From 430 P. falciparum isolates characterized in this study, 99,1% carried the pfdhfr 108N mutation. The results also showed that 27% of P. falciparum isolates presented double mutations at codons 59 and 108, indicating the development of resistance against antifolates in Angola. Another double mutant (51I 108N) was observed in 96,7% of Angolan P. falciparum isolates; these results were consistent with the results obtained in a similar study carried out at Uíge province in 2009 [38].

A 25% of pfdhfr triple mutant prevalence (51I/59R/108N) was also noticed. The prevalence of these mutations in association with high prevalence of mutation at position 437G in pfdhps (83,1%) may indicate that these P. falciparum parasite populations have the potential to evolve into pfdhfr/pfdhps quintuple mutant in the near future, a mutant that is considered a molecular marker of SP treatment failure [25‐27].

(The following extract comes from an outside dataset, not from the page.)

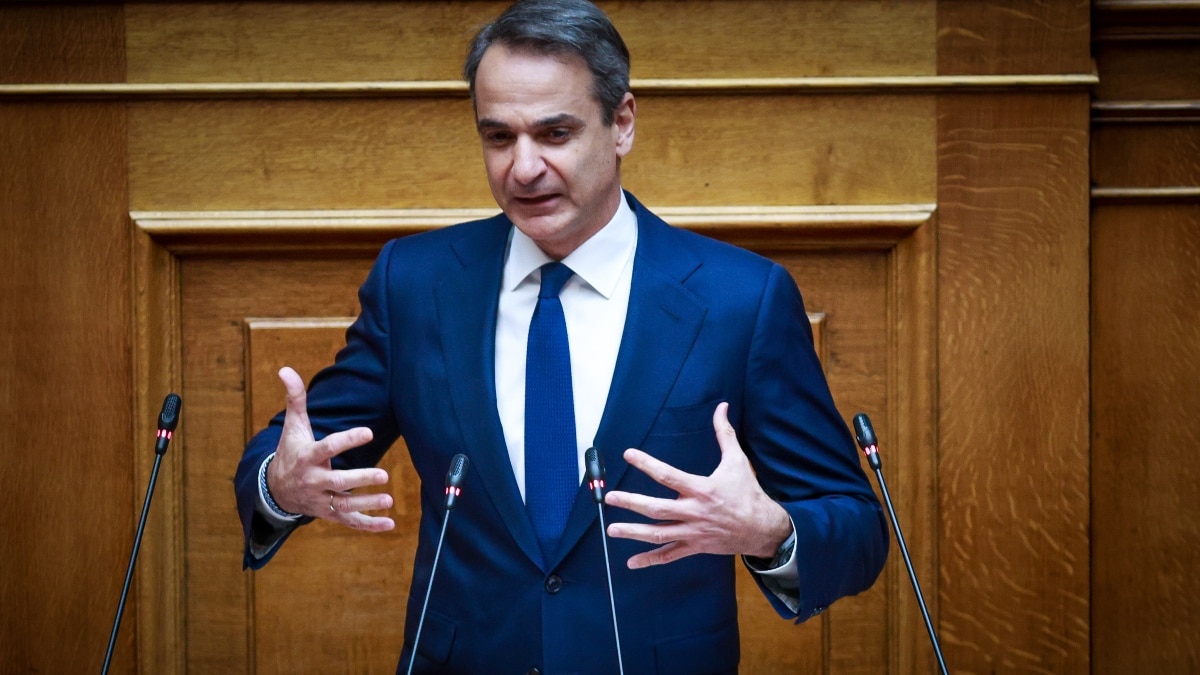Μητσοτάκης για ιδιωτικά πανεπιστήμια: «Ριζική τομή στην ελληνική εκπαίδευση, ενισχύει και τα δημόσια»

In addition, the simultaneously presence of 59R pfdhfr and 540E pfdhps variants is considered predictive of the presence of quintuple mutant (pfdhfr 51I, 59R, 108N, pfdhps 437G, 540E) [25‐40]. In fact, despite high frequencies of mutations in this report, only one isolate was found harbouring the quintuple mutant associated with high level of resistance to SP. This finding is in accordance with the results obtained in other similar studies carried out in Angola, Republic of Congo and Gabon [31, 28, 29].

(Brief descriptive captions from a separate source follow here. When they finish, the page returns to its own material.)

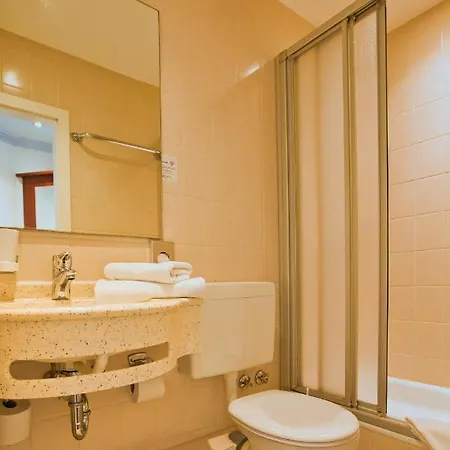 Meeresruh Garni Отель Куксхафен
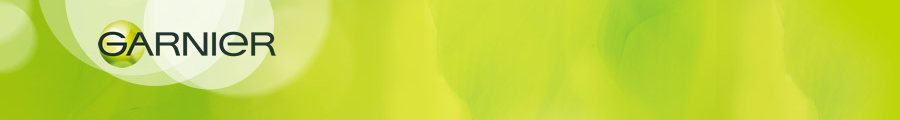 Willkommen im Garnier Shop
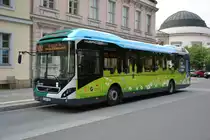 P-AV 930 am 26.06.2014 am Klinikum EVB.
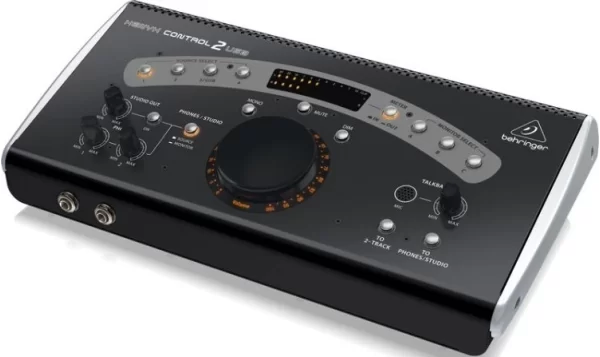 Behringer XENYX CONTROL2USB Stüdyo Kontrol Ünitesi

The predominant pfdhfr haplotype in the present work was 51I 59C 108N (71,9%), corroborating the results reported with Brazilian samples by Gama and collaborators [41]. The triple mutant 51I 59R 108N (24,8%) was of low prevalence in the examined isolates, similarly to previous data reported in Sri Lanka [42] and Papua New Guinea [43], but different from the isolates from Malaysia [44], Brazil [45] and India [46] where this triple mutant was the predominant haplotype. In Africa, the Republic of Congo [28] and Gabon [29] also shows differences when compared with these Angolan data, except in the province of Cabinda. The differences found between Cabinda isolates and the rest of studied isolates may be due to geographical location of this province and its proximity to the neighboring countries Gabon and Congo and the movement of people between these regions. Most of the P. falciparum isolates (91,1%) revealed the haplotype 437G 540K for pfdhps gene with low prevalence of mutation at codon 540 (3,2%).

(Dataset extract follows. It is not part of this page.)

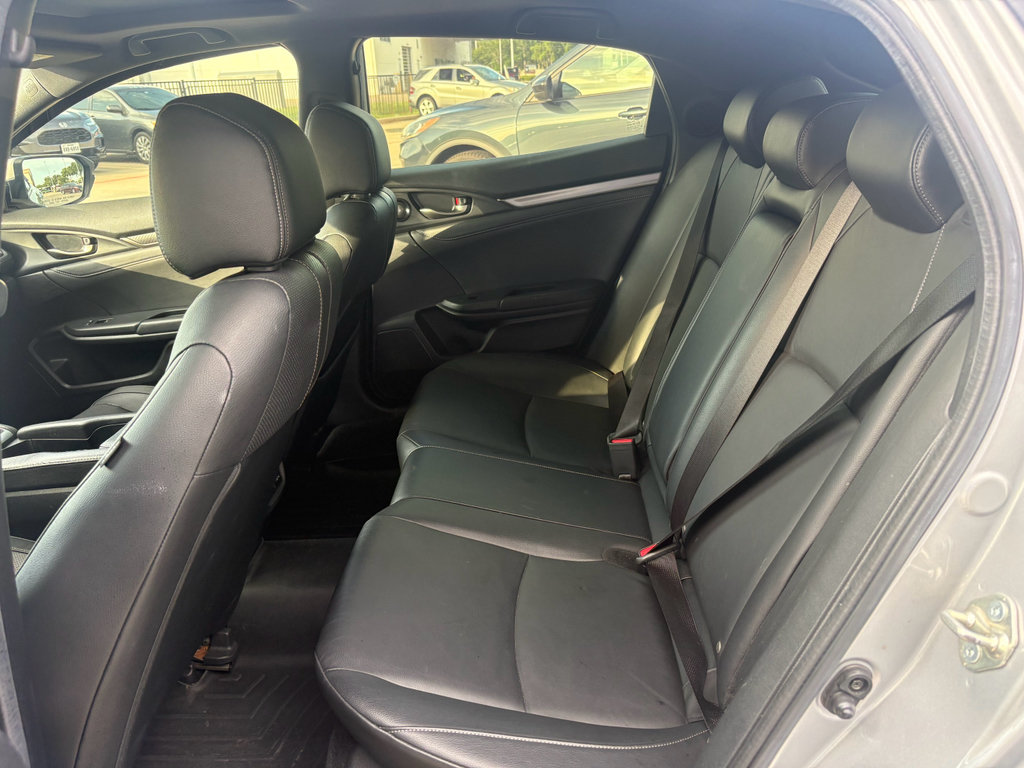 Used 2018 Honda Civic Sport Touring image 26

The triple pfdhfr/pfdhps (59R 108N/437G) mutant haplotype was found in 27% of isolates, the 51I 108N/437G was the mutant haplotype more prevalent in studied isolates.

The results obtained in the present study are in line with those obtained with Iranian isolates where 51I mutation seems be a good molecular marker for the triple mutant pfdhfr/pfdhps[47]. By the other hand, theses results seem to be in contrast with the data obtained in a study carried out in Mozambique which claimed that the mutations at codon 59 in pfdhfr and codon 437 in pfdhps were enough to predict SP treatment failure [48], as well as in Burkina Faso [49] where the results showed that pfdhfr 59R is more relevant than the 51I as a marker of SP treatment failure.

Finally, this is the first molecular study carried out in Angola including a large number of samples (452) from five different provinces of the country, and where five mutations of pfdhps and pfdhfr genes, predictive of SP therapeutic failure were screening showing high frequencies of 51I, 108N pfdhfr alleles, and 437G of pfdhps gene with an almost absence of the quintuple mutation for SP.

The high frequencies of mutations and haplotypes linked to antimalarial treatment failure (for example the 88% frequency of isolates carrying pfdhfr 51I 108N - pfdhps 437G triple mutant allele, critical to SP resistance) herein described, highlight the need to revaluate the strategy of SP introduction as an IPT in children as well as the current use of SP for pregnant women IPT purposes, in Angola.